On Tuesday, the National Assembly rejected a bill proposing amendments
to the Offence of Zina (Enforcement of Hudood) Ordinance 1979, which
requires a rape victim to present four male witnesses to substantiate
her claim or be convicted of fornication or adultery and/or face
punishment for lying. The bill - The Offence of Zina (Enforcement of
Hudood) Bill, 2005 (Amendment to Section 8) - was presented by MNA
Kunwar Khalid Yunus of the Muttahida Qaumi Movement (MQM). The treasury
benches, which boast a strong pro-women lobby, joined the clerics and
other conservative MNAs to reject the proposed amendment. It is tragic
that an elected house has an all-parties majority that doesn’t want to
get rid of a bad law.
MNA Yunus of the MQM said that a clause in the offending Ordinance
should be repealed because it discriminated against women: “The Hudood
Ordinance was introduced by Gen Zia ul Haq to court Saudi Arabia’s
support for his rule. Of the 57 Muslim countries worldwide, the Hudood
law was enforced only in Pakistan and Saudi Arabia. The ordinance had
been enforced in 1979 without being incorporated in the Constitution by
the then parliament”. When the speaker put the bill to vote, it was
easily defeated. Predictably, MMA member Dr Sahibzada Abu Alkhair
Muhammad Zubair called the Hudood Ordinance “part of the divine law”
that could not be amended. Now take a look at the most platitudinous
lies in Muslim history, and it comes from the lips of the federal law
minister, Mr Wasi Zafar: “Women in Pakistan enjoy complete liberty and
respect, especially compared to those in Western countries”.

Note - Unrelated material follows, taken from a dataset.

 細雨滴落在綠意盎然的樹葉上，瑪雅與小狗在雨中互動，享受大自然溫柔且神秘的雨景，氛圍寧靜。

This is nothing new, however. An earlier bill by the PPPP on
honour-killing was watered down to include a mitigating clause. This
meant that honour-killing could go on and the victims would be the women
of Pakistan who otherwise enjoy “complete liberty and respect” compared
to what women get in the Western countries. The fact that no other
Islamic state except Saudi Arabia has the same kind of cruel legislation
as ours should mean that the “divine law” is not universal even among
the Islamic community. The argument here is not that zina is not
mentioned in the Quran but that a misinterpretation has been allowed,
and Pakistani women demeaned. Most of the women rotting in jails are
being punished for pointing to men who had raped them. In the current
practice of opposing “love marriages”, the Zina Ordinance is used by
vengeful parents, exposing the married couple to the punishment of
stoning to death.
Had our National Assembly been endowed with any moral will or intellect
it could have found ways and means to tinker with the law in force to
alleviate the suffering of women. The first point to consider was that
the Ordinance confused rape with fornication. No sensible person in the
world can believe that a woman forcibly subjected to sex can be guilty
or that she should be required to bring four pious witnesses to prove
the crime. If a rape scene has four witnesses it would be recognised as
some kind of theatrical performance rather than crime. More enlightened
Islamic scholars have already opined on the difficulties introduced into
the subject by the Arabic word zina which subsumes both rape and
fornication. It is on the ground of this scholarly opinion that the
Islamic world has not incorporated the clause that our law has.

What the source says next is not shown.